Only the text of the records below belongs in the answer, copied exactly, with pictures omitted.

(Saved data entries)
________________________

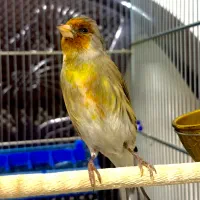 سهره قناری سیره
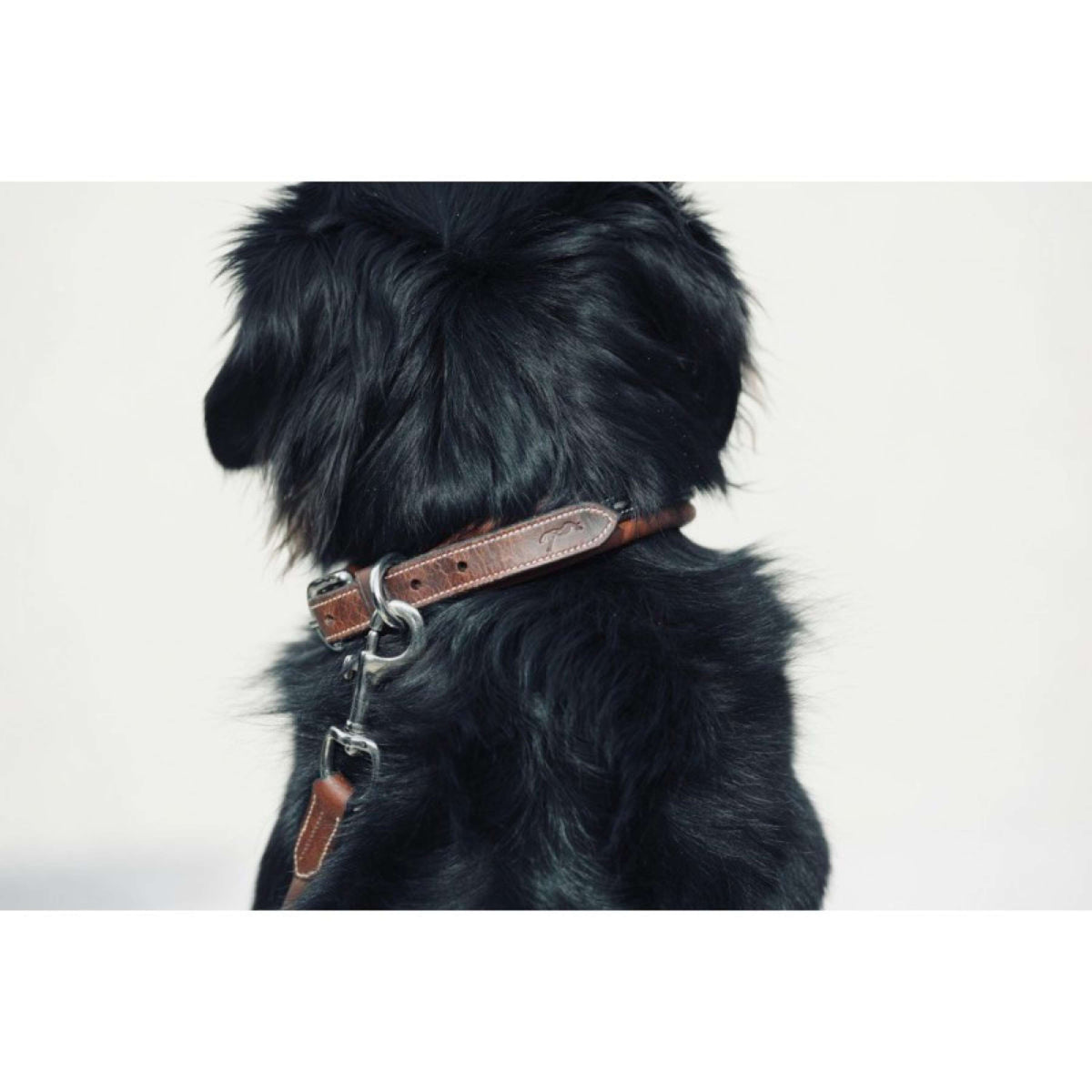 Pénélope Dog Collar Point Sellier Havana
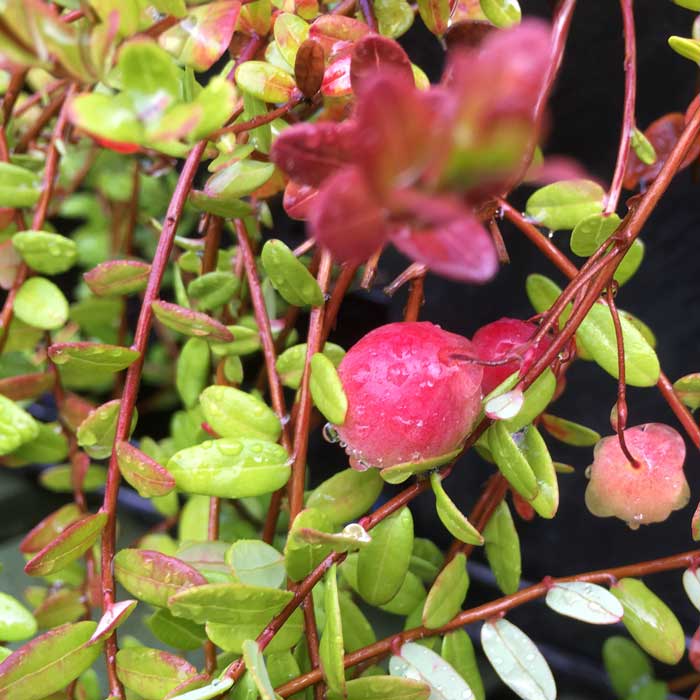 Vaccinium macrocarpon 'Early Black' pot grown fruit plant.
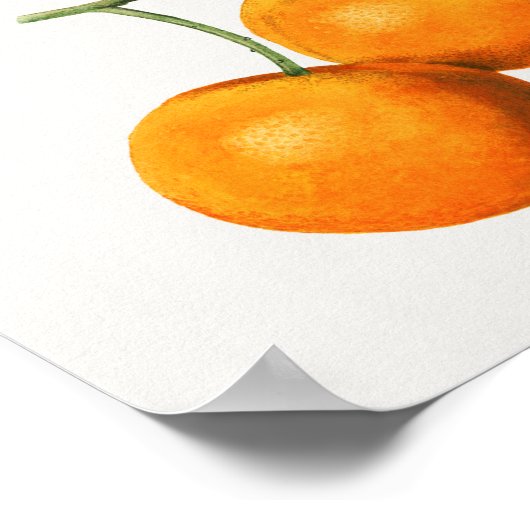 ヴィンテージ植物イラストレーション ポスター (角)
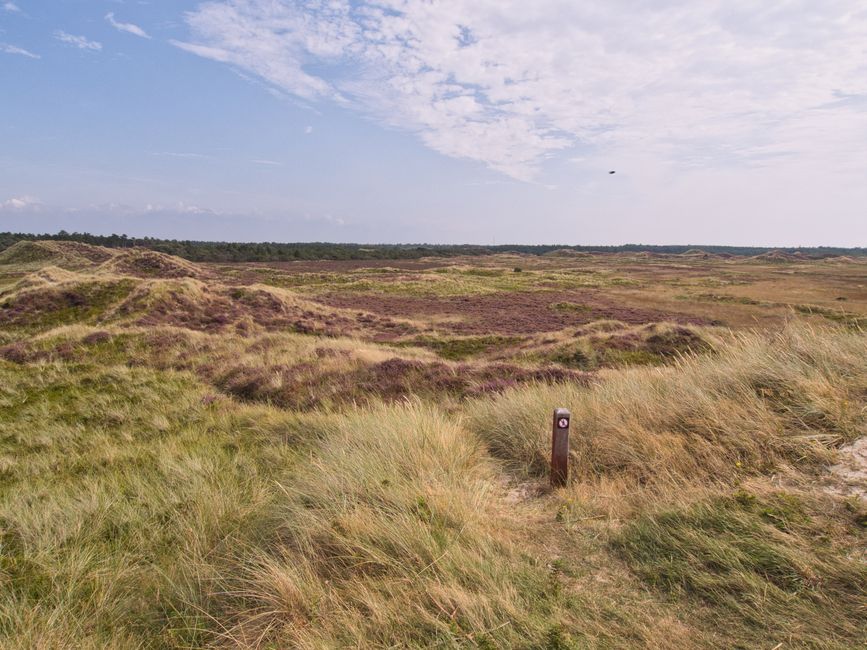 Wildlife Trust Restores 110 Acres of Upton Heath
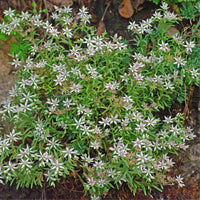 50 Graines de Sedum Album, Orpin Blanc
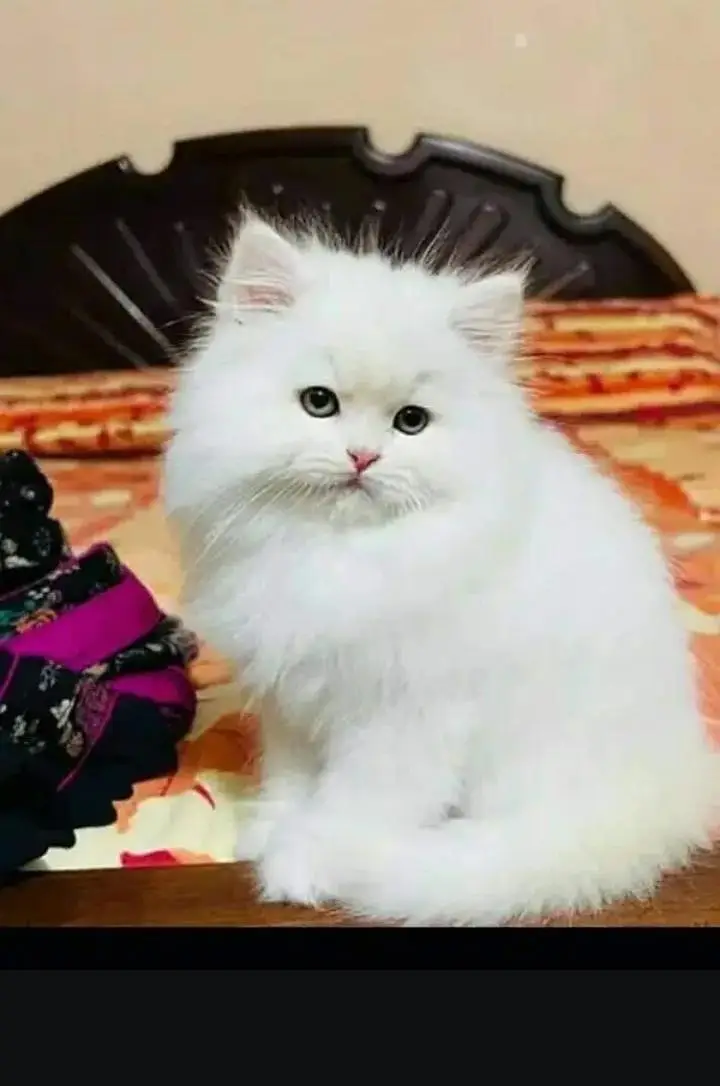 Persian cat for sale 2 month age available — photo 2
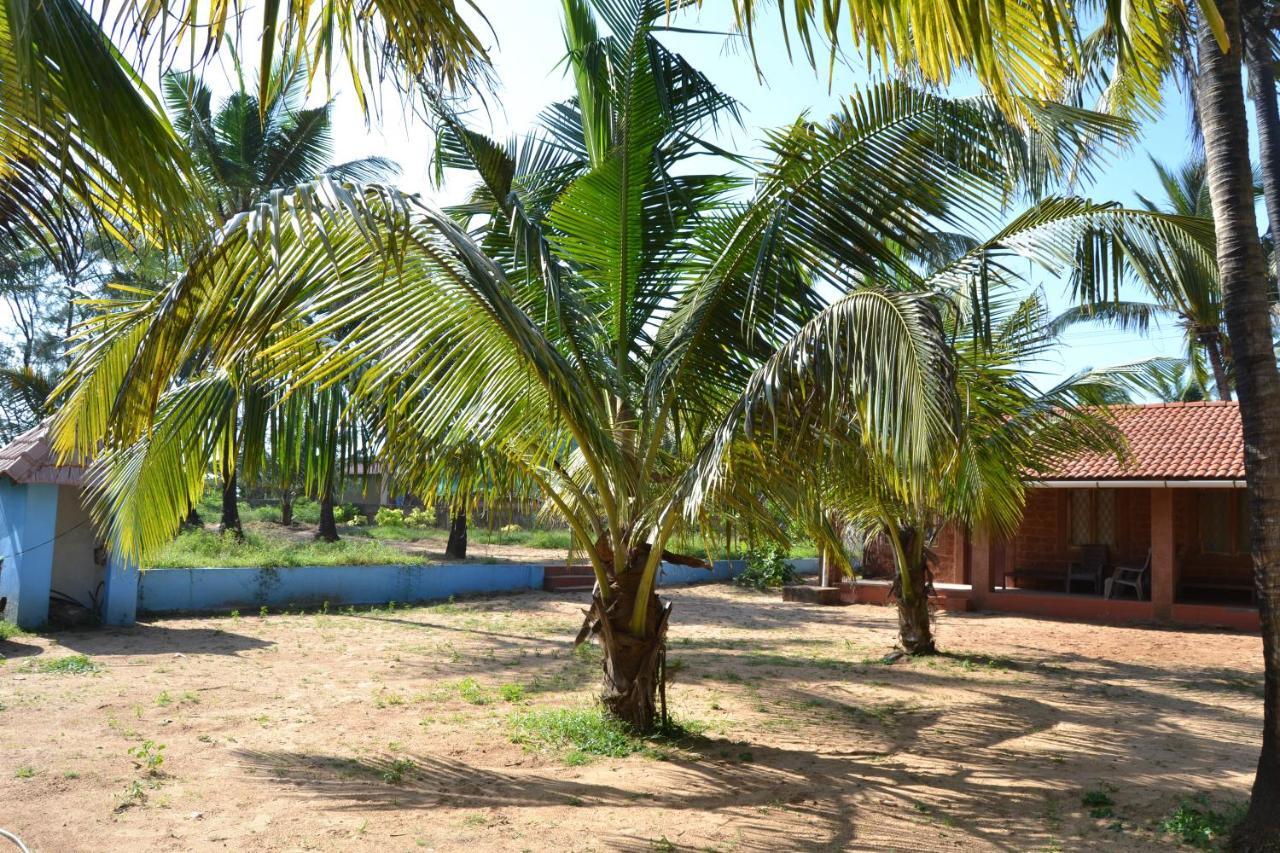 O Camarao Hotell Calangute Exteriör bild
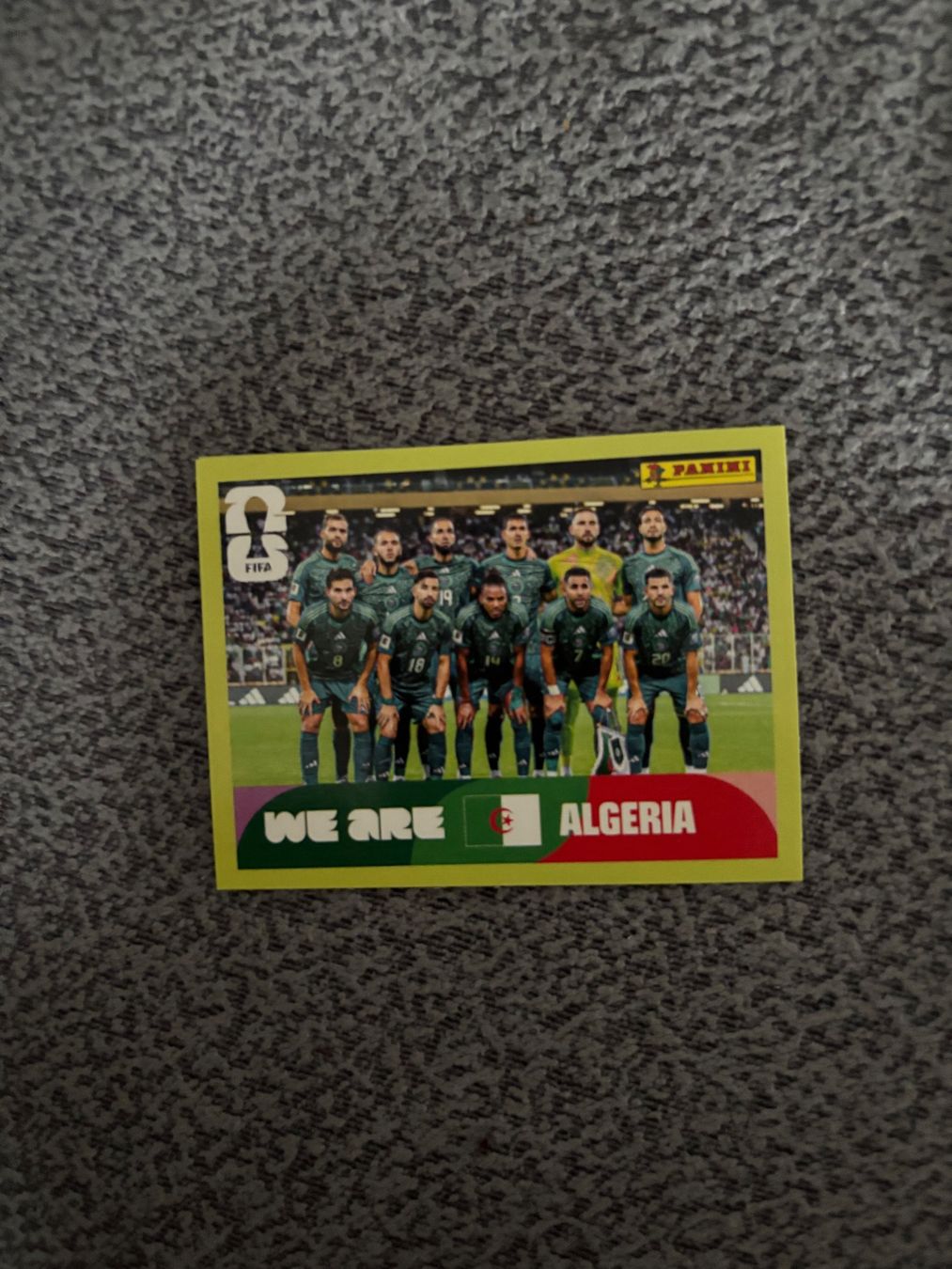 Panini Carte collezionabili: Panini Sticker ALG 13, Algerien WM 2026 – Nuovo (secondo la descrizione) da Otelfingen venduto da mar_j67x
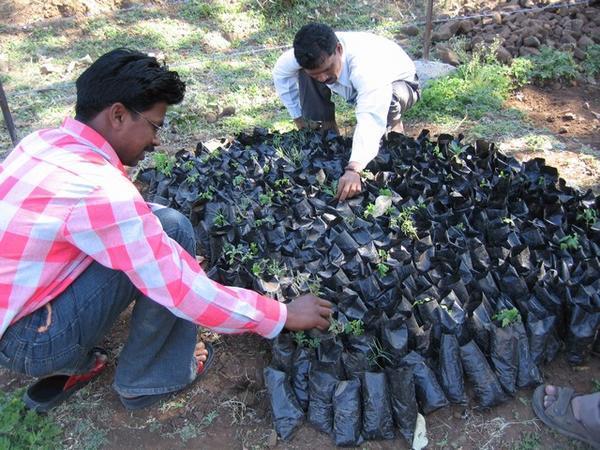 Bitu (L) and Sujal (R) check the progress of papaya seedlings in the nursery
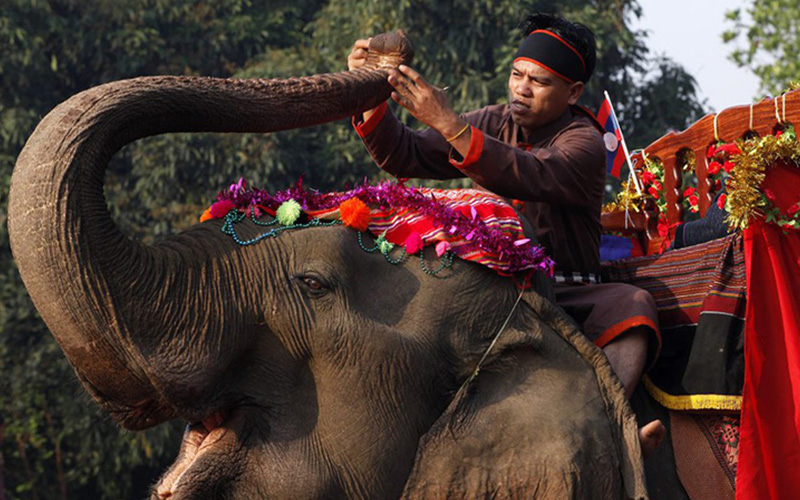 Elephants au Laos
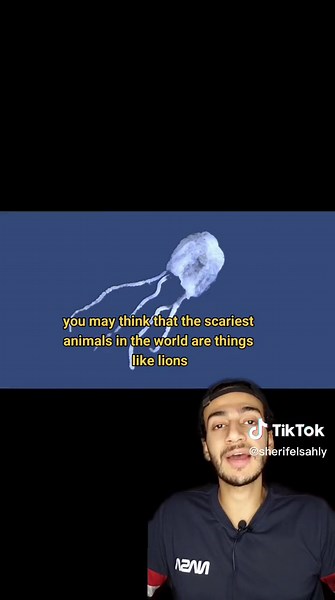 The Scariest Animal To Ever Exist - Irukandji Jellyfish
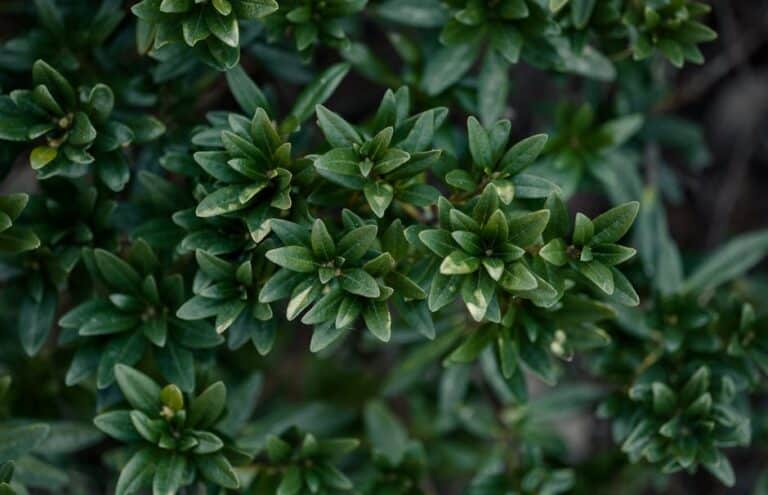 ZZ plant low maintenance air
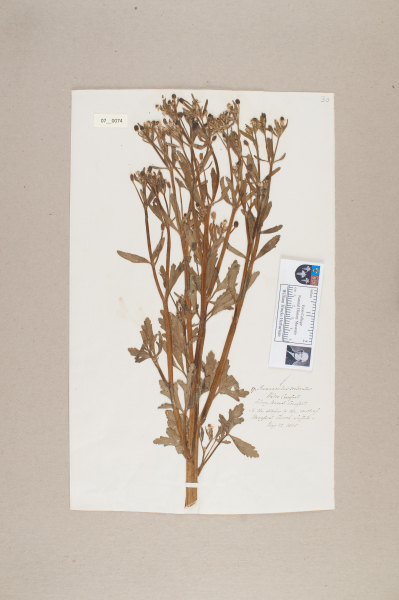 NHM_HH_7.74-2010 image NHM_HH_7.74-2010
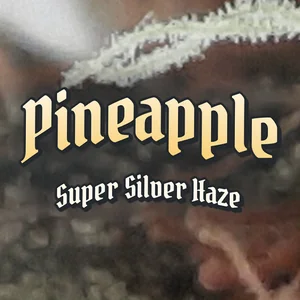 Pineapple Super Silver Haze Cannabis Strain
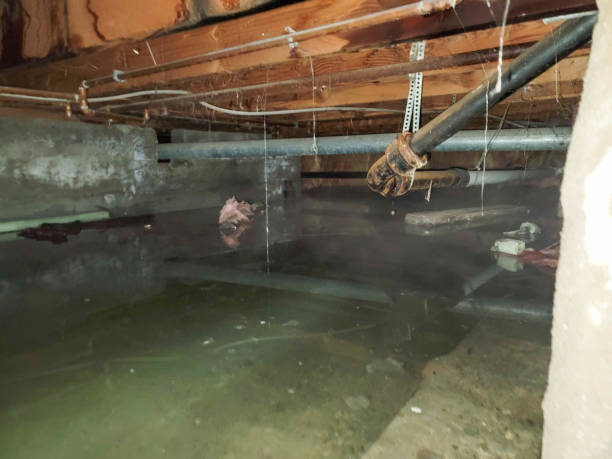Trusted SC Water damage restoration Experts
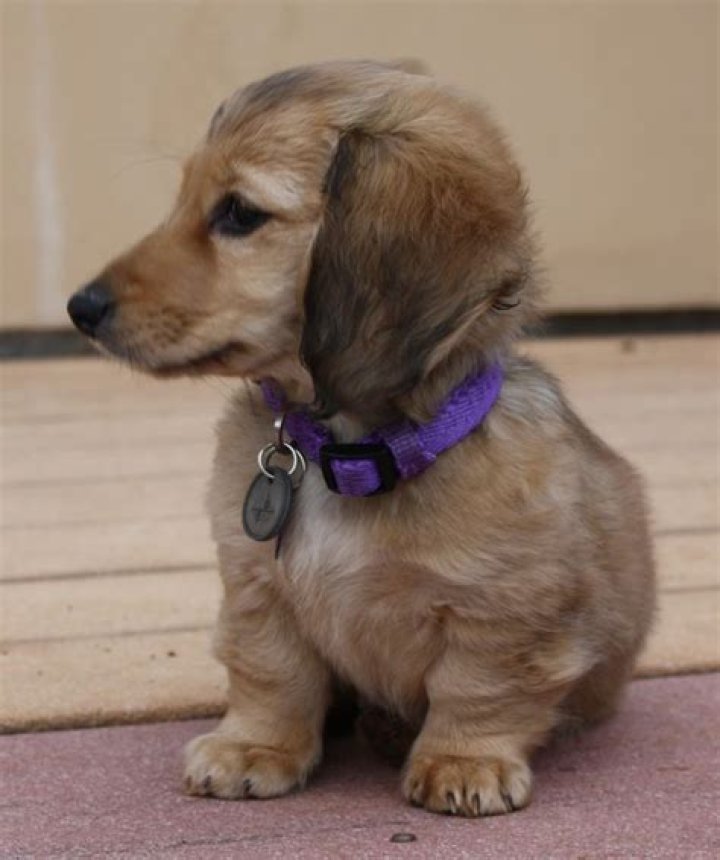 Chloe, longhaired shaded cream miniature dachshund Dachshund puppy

________________________

■ **RESPONSE FOR THIS EXERCISE**
 سهره قناری سیره
 Pénélope Dog Collar Point Sellier Havana
 Vaccinium macrocarpon 'Early Black' pot grown fruit plant.
 ヴィンテージ植物イラストレーション ポスター (角)
 Wildlife Trust Restores 110 Acres of Upton Heath
 50 Graines de Sedum Album, Orpin Blanc
 Persian cat for sale 2 month age available — photo 2
 O Camarao Hotell Calangute Exteriör bild
 Panini Carte collezionabili: Panini Sticker ALG 13, Algerien WM 2026 – Nuovo (secondo la descrizione) da Otelfingen venduto da mar_j67x
 Bitu (L) and Sujal (R) check the progress of papaya seedlings in the nursery
 Elephants au Laos
 The Scariest Animal To Ever Exist - Irukandji Jellyfish
 ZZ plant low maintenance air
 NHM_HH_7.74-2010 image NHM_HH_7.74-2010
 Pineapple Super Silver Haze Cannabis Strain
Trusted SC Water damage restoration Experts
 Chloe, longhaired shaded cream miniature dachshund Dachshund puppy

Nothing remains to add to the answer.